First off, please accept my apologies for my relative inattention. Sean Maher, in fact, e-mailed me about his posting here; I simply have not been able to tend to it, and will not be able to for a little while longer. I have serious professional (my academic job search is at a climax now) and personal (as in an affair of the heart) demands on my time. Your consideration is much appreciated.

Anyway, the top news item lately has been the murder on November 20 of key liberal Duma member Galina Starovoitova. According to her aide, who survived, and to authorities, this was a professional murder. Two hired killers, using weapons which, shall I say, are not in the public domain, ambushed them in front of her home in St. Petersburg. The aide, Ruslan Linkov, was able to talk to doctors on Monday, but since he was shot in the head he may not be able to recall much.

But, at least one hopeful sign has come out of this: Mikhail Fridman, owner of the Alfa group (very influential in Russian banking circles and hence in Russia), has offered a reward of $100,000 for information leading to the assassins' arrest. At least someone who's benefiting from the status quo is willing to give something back to help keep it going.

Not that assassination is anything new in Russian circles. Banker Boris Berezovsky has claimed that Federal Security Bureau agents have been given his death warrant. Meanwhile, according to political commentator Andrei Piontkovsky, Berezovsky himself approached President Boris Yeltsin's chief bodyguard Alexander Korzhakov in 1994 with the idea of bumping off Berezovsky's rival Vladimir Gusinsky.

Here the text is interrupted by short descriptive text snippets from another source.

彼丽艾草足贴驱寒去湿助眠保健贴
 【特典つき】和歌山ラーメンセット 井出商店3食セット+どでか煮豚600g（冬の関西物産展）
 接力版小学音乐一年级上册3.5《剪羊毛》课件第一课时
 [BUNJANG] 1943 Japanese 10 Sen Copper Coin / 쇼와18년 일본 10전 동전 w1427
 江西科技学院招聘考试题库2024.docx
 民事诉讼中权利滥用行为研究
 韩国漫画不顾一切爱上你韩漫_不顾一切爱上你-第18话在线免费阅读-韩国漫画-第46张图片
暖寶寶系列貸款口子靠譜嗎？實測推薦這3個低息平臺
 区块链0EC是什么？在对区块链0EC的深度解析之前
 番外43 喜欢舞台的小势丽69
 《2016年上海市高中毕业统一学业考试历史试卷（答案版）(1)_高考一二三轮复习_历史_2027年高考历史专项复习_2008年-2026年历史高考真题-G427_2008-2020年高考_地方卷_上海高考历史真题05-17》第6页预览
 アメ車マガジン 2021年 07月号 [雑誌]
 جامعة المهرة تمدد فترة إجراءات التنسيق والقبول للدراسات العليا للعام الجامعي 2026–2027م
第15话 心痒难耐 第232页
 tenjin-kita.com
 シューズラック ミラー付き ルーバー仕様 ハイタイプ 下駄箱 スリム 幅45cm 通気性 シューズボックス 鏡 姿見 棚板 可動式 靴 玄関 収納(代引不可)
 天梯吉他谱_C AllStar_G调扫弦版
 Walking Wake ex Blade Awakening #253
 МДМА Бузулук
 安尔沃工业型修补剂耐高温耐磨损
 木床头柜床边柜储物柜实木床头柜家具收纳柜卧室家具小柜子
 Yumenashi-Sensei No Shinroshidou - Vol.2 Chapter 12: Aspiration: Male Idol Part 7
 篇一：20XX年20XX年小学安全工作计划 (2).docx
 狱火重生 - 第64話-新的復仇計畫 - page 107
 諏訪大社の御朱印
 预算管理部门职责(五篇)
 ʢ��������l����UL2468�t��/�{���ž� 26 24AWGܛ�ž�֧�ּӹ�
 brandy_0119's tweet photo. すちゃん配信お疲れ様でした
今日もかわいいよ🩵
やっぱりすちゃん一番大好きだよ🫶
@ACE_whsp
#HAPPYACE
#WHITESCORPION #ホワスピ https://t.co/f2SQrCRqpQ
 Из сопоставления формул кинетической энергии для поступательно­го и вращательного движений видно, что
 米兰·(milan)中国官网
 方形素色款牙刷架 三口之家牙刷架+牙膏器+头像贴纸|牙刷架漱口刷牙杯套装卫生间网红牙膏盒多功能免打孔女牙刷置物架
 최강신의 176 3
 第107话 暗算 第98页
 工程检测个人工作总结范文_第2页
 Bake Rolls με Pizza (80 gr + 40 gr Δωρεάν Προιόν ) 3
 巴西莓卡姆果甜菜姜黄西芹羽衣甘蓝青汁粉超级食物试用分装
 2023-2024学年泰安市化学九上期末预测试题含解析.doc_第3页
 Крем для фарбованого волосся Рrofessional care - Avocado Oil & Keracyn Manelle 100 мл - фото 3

But that may be precisely the problem: for example, Japan in the 1920s, effectively under control of the military, was in fact a government of assassination: generals would be assassinated on the orders of rival generals. The Japan of the 1930s and 1940s became a juggernaut. This is not simply a matter of post hoc ergo prompter hoc (after this therefore because of this); I would say that the political instability wrought by this had much to do with the subsequent aggression.

Maybe the situation in Russia is comparable; maybe it's just a tempest in a samovar. I would say it's a matter of context: if the government otherwise gets its act together, political murders should be less frequent and also less effective in breaking down social order.

The context is the thing. Such as the whole situation with regard to food aid in Russia. US Senate Agriculture Committee chair Richard Lugar (who years ago was chair of the Senate Foreign Relations Committee) recently got back from Russia, and he expressed the opinion that maybe Russia doesn't need food aid after all this winter. He is basing this upon the fact that many food producers are in fact exporting.